Laurie Lee, chief executive of Care International UK, recently asked in an article in The Guardian, “How do we make life better for people living as refugees for generations?”2

This is one of the critical questions of the Anthropocene. Mass human migration and rapid urban population growth across developing countries are transforming informal settlements and refugee camps from a temporary to a more permanent community typology. Refugee camps can be required for decades – for example, Dadaab refugee complex in Kenya is twenty-five years old and houses some 330,000 people.3 At what point does a camp transcend its original purpose to become something else? Landscape architectural practice, with its foundational understanding of ecological, social and economical systems, is perfectly placed to successfully collaborate with development aid agencies through this extraordinary shift in human settlement scenarios.

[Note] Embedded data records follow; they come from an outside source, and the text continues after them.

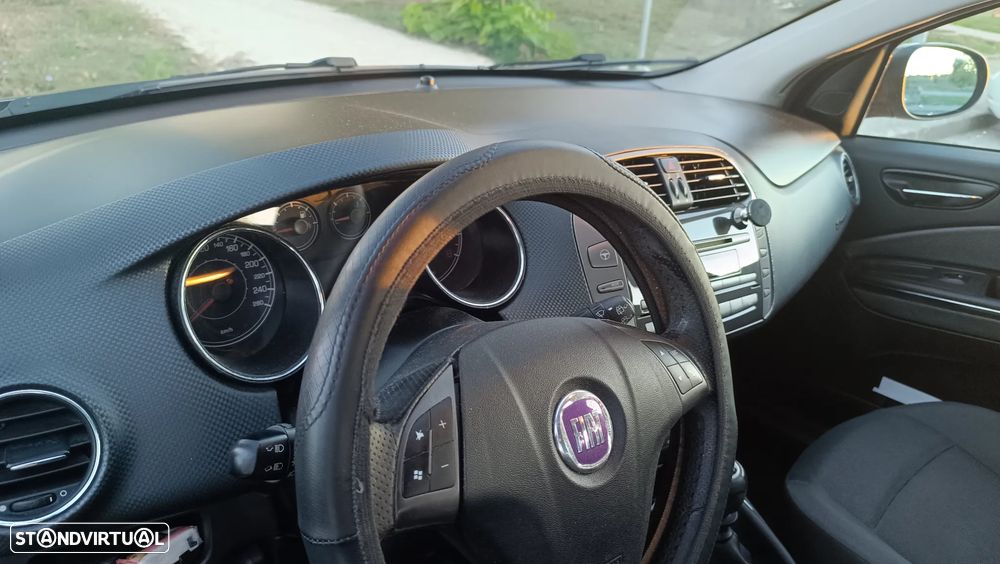 Fiat Bravo 1.4 16V Dynamic - 5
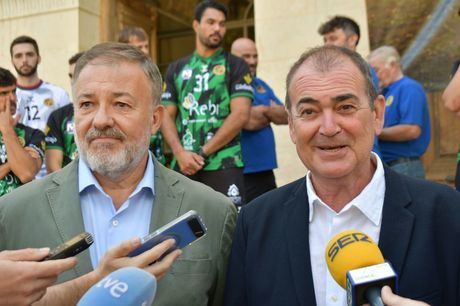 Darío Dolz destaca el papel “clave” de Gómez Cavero en la gobernanza de Cuenca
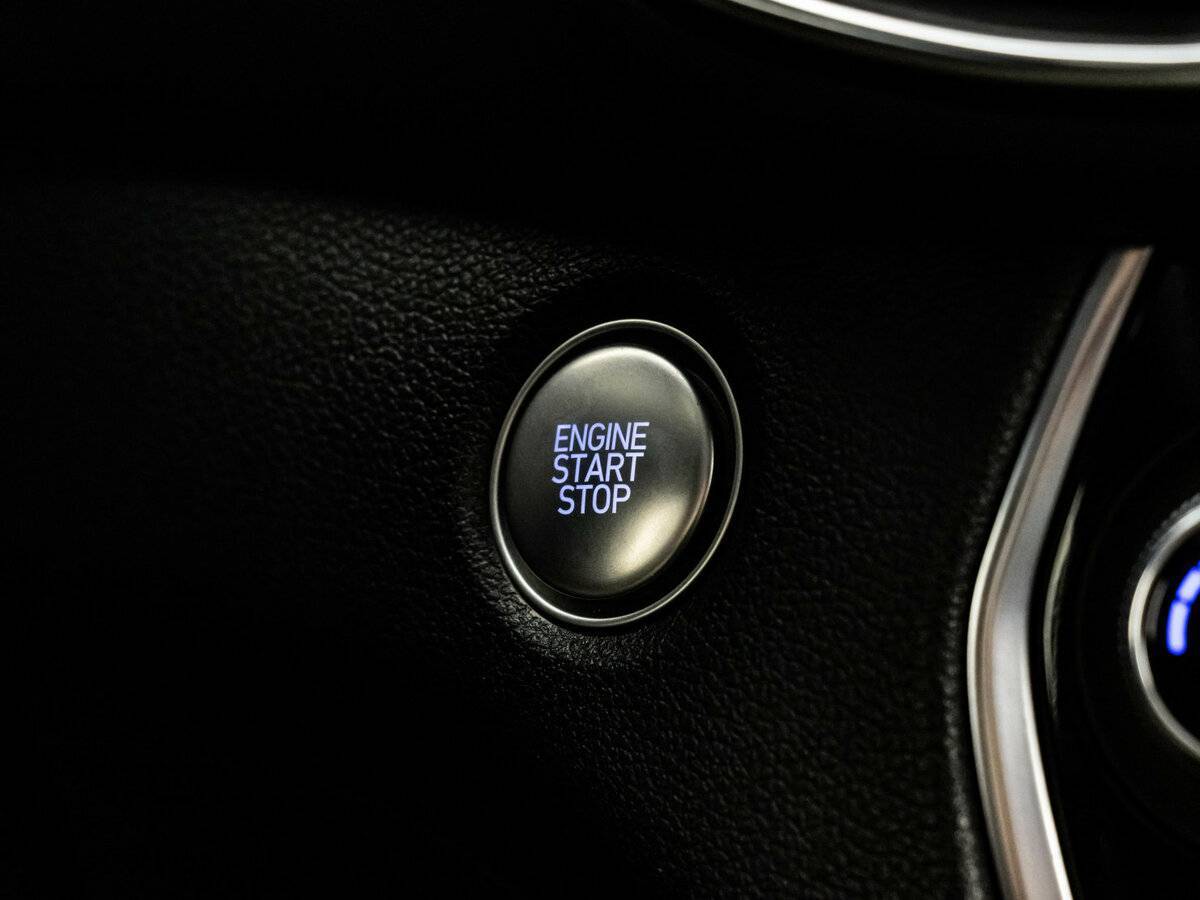 Hyundai Santa Fe, 2018 Фото №16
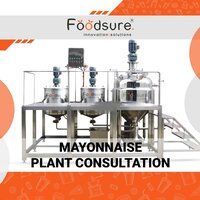 Food Processing Consultant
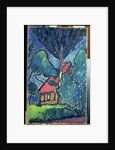 Landscape, c.1910 by Alexej von Jawlensky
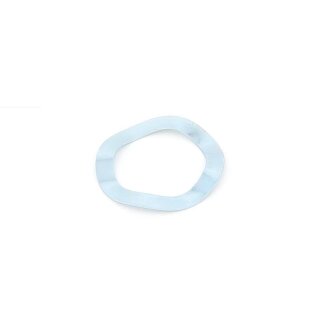 Truvativ, GXP Wellenring Kurbelachse, Unterlegscheibe gewellt, 24mm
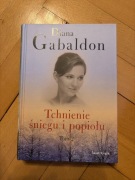 Diana Gabaldon - Tchnienie śniegu i popiołu tom. 2 <nowa>
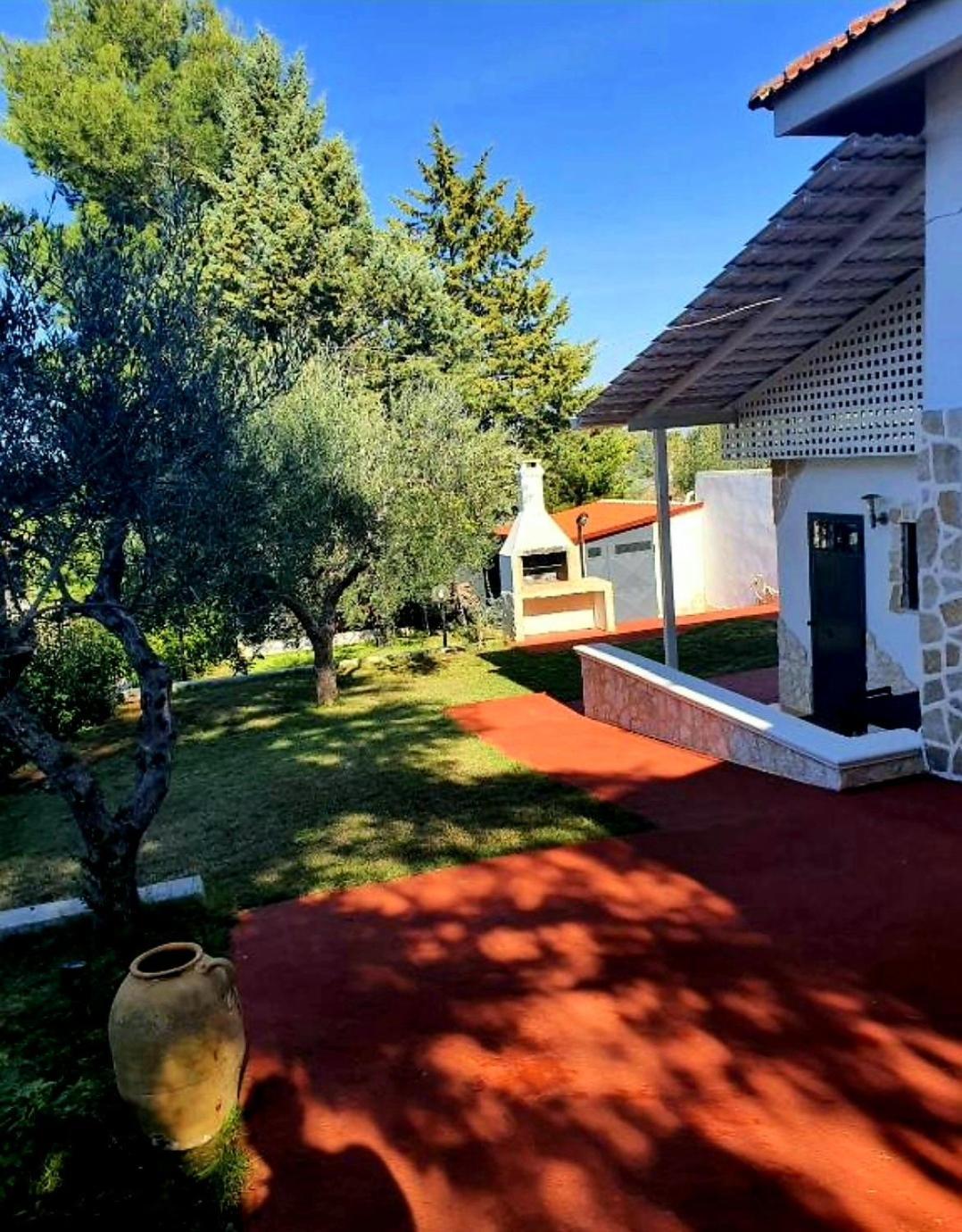 Mercadante - Luxury Holiday House 카사노 델레 무르제 외부 사진
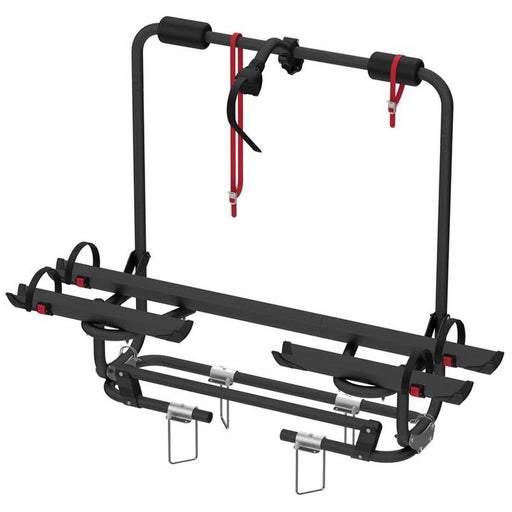 Fiamma Carry-Bike Caravan XL A Pro 200 Deep Black (902096-32A) - Fiamma wall installation adapters enabling secure awning mounting across different vehicle types - My Fiamma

Mapping the growth of the Pétionville Club golf course refugee camp in Port-au-Prince, Haiti following the earthquake that occurred on 12 January 2010.

Mapping the growth of the Pétionville Club golf course refugee camp in Port-au-Prince, Haiti following the earthquake that occurred on 12 January 2010.

Maslow’s hierarchy of needs theory puts the physiological needs of the human as the primary priority for survival. This is a fundamental and driving theory for aid agencies, helping them to prioritize and successfully deliver aid. Landscape architecture, with the correct methodology, has the potential to meet those physiological needs. Air, food, water and shelter are all products of landscape systems, as are opportunities for children to learn, play, live and feel free. All kinds of ingenious architectural and industrial design solutions have become vital components of the overall emergency response aid toolkit. But as landscape systems fundamentally underpin people’s basic needs, landscape architecture is a good place to begin in terms of disaster relief.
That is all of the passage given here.